Write each line out exactly, from the one containing "Lustra moderna alba" through the final line of the data, and keep pictures out of the copy.

─── DATA SHOWN ───

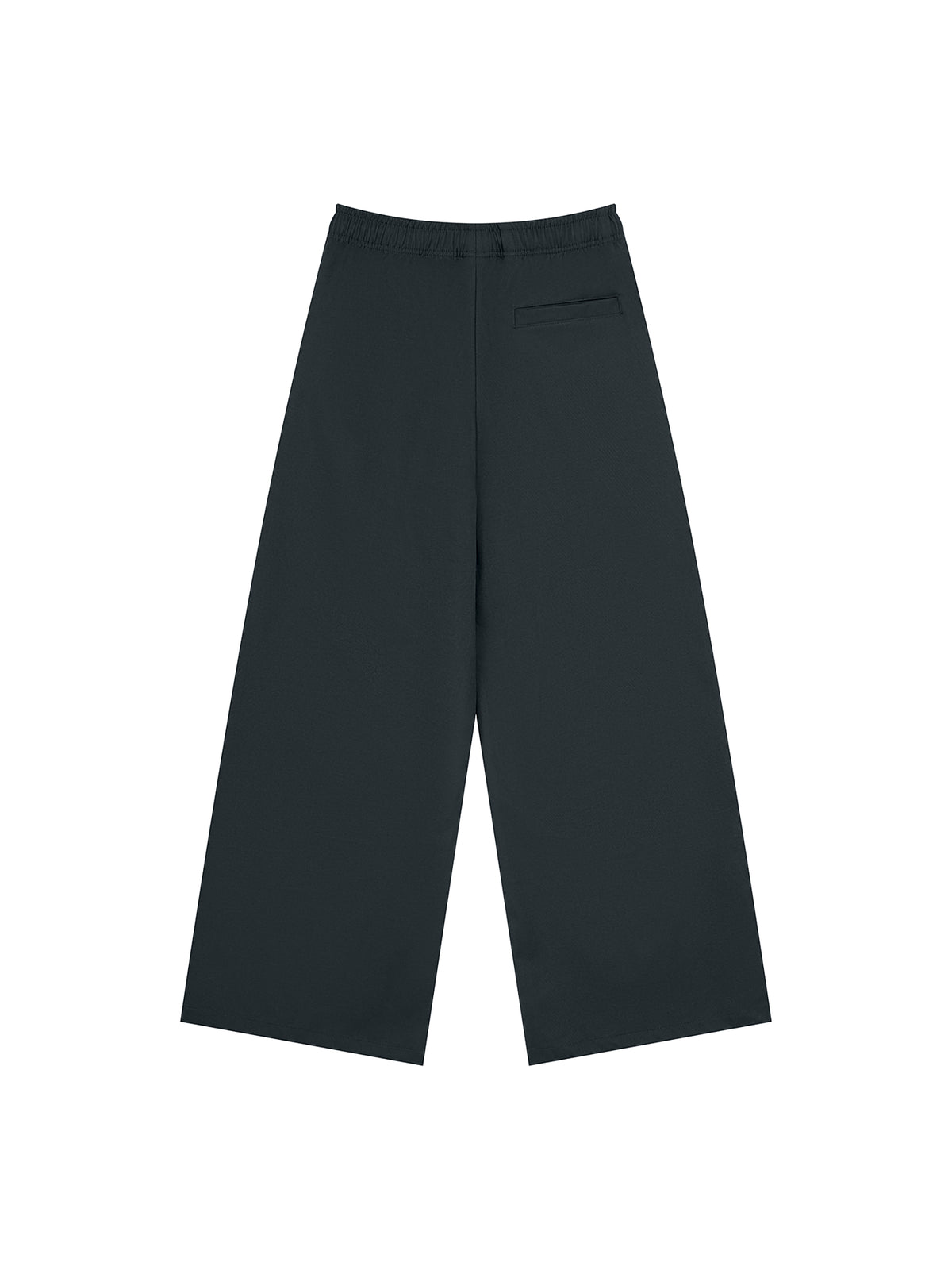 Men’s Loose Straight-Leg Pants black back 3D mockup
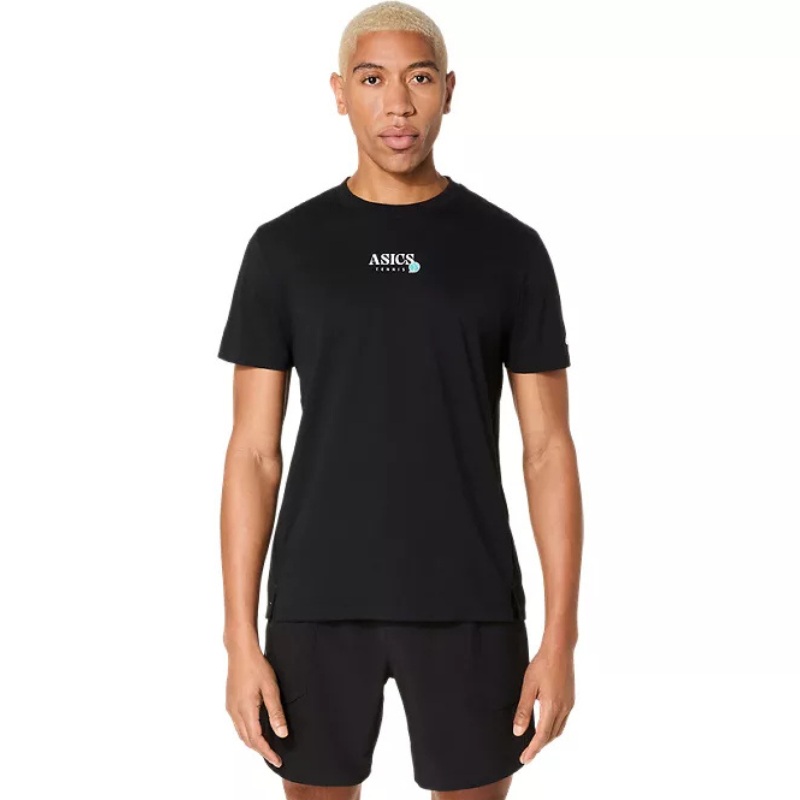 T-shirt Asics Game Seasonal Graphic Tee Noir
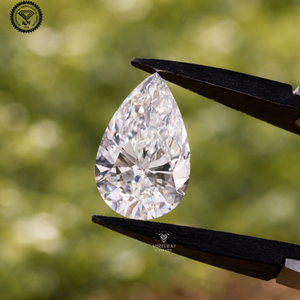 Diamants en vrac certifiés IGI, taille poire, 5,00 carats, diamants de laboratoire CVD, couleur E, clarté VVS2, design goutte d'eau, vente en gros - Product Image 1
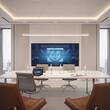 Lustra moderna alba LED 20W/1700lm/3000K, V-LINE SP 275369 Ideal Lux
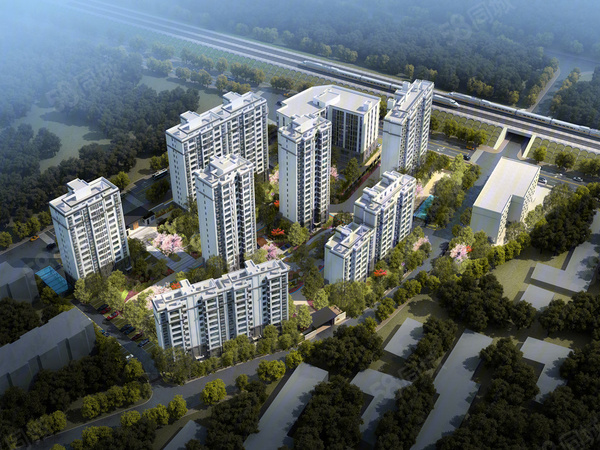 中锦领寓楼盘建筑物外景
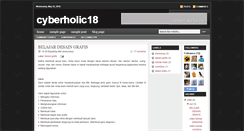 Desktop Screenshot of cyberholic18.blogspot.com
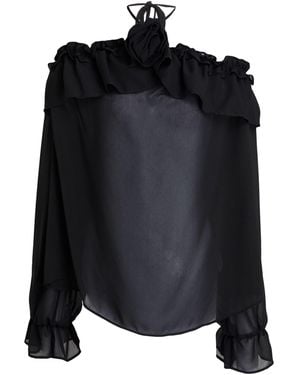 ATELIER LEGORA Top Viscose, Nylon, Polyester - Black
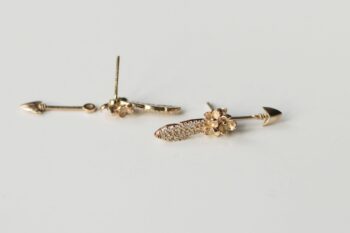 Çiçekli Ok Küpe / Flowers Arrow Earrings / Şık Boho Küpeler - Görsel 9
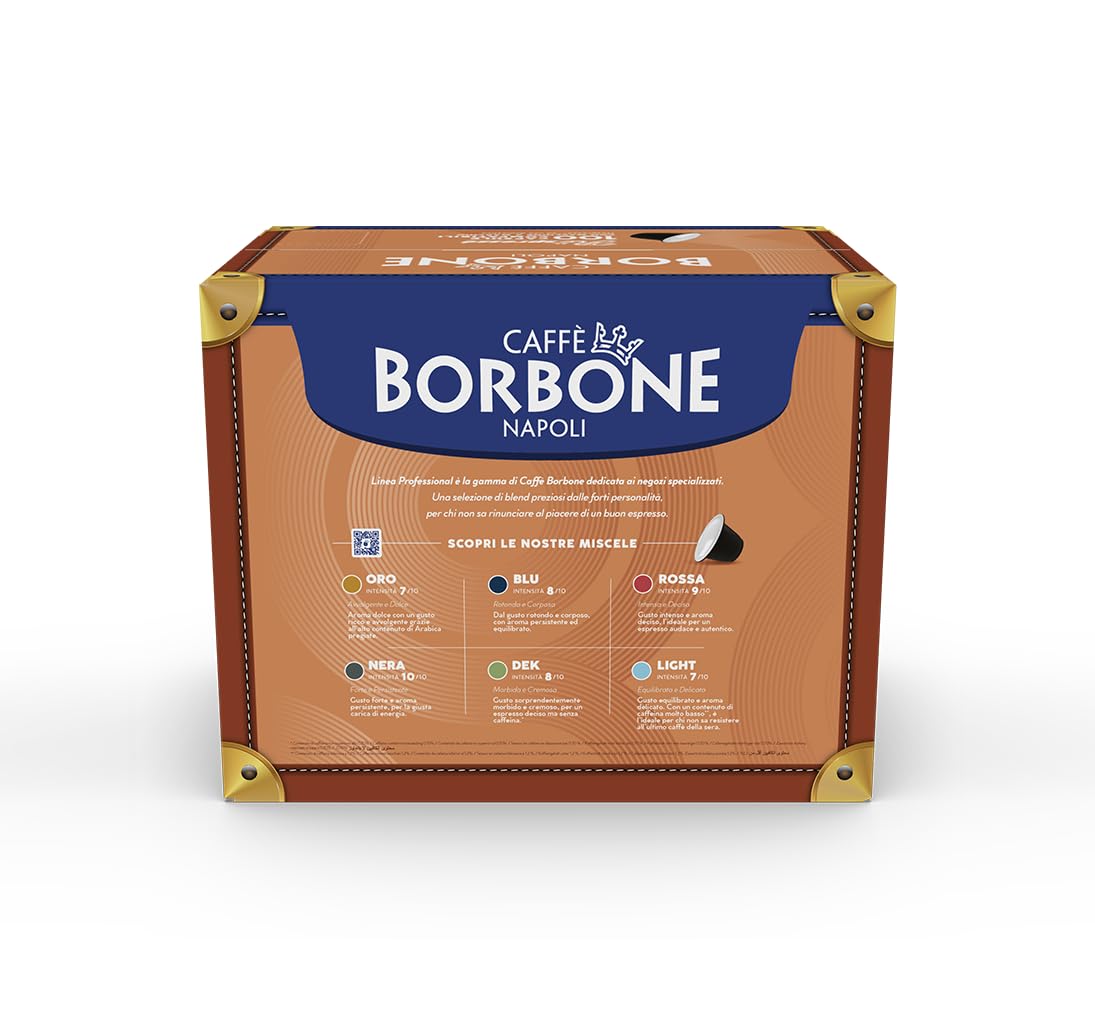 Caffè Borbone Respresso Light Kaffeemischung – 100 Kapseln, 50 % weniger Koffein, kompatibel mit Nespresso®-Maschinen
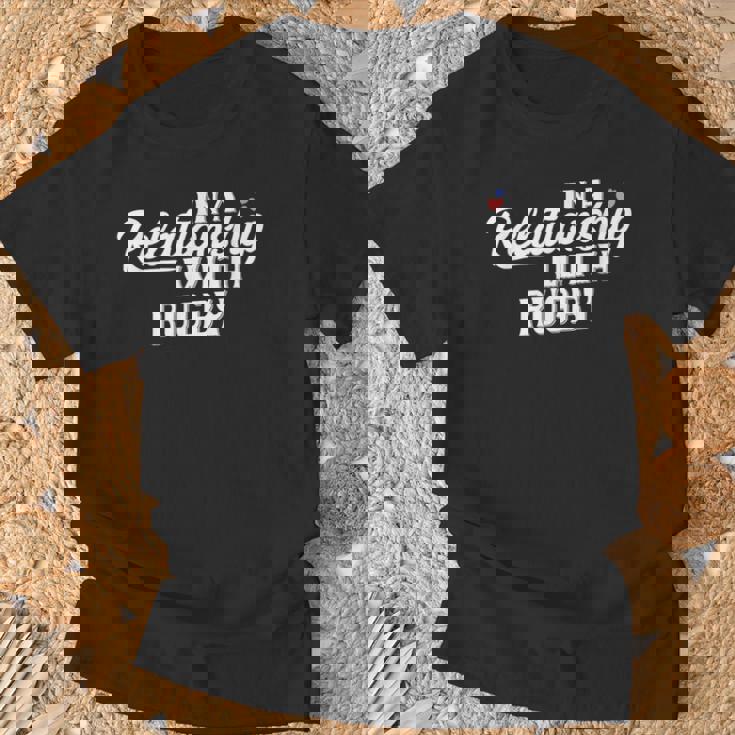 「面白いラグビー選手」と言うラグビーとの関係 Tシャツ 高齢者への贈り物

───

RESPONSE TO THE TASK:
 Lustra moderna alba LED 20W/1700lm/3000K, V-LINE SP 275369 Ideal Lux
 中锦领寓楼盘建筑物外景
 Desktop Screenshot of cyberholic18.blogspot.com
 ATELIER LEGORA Top Viscose, Nylon, Polyester - Black
 Çiçekli Ok Küpe / Flowers Arrow Earrings / Şık Boho Küpeler - Görsel 9
 Caffè Borbone Respresso Light Kaffeemischung – 100 Kapseln, 50 % weniger Koffein, kompatibel mit Nespresso®-Maschinen
 「面白いラグビー選手」と言うラグビーとの関係 Tシャツ 高齢者への贈り物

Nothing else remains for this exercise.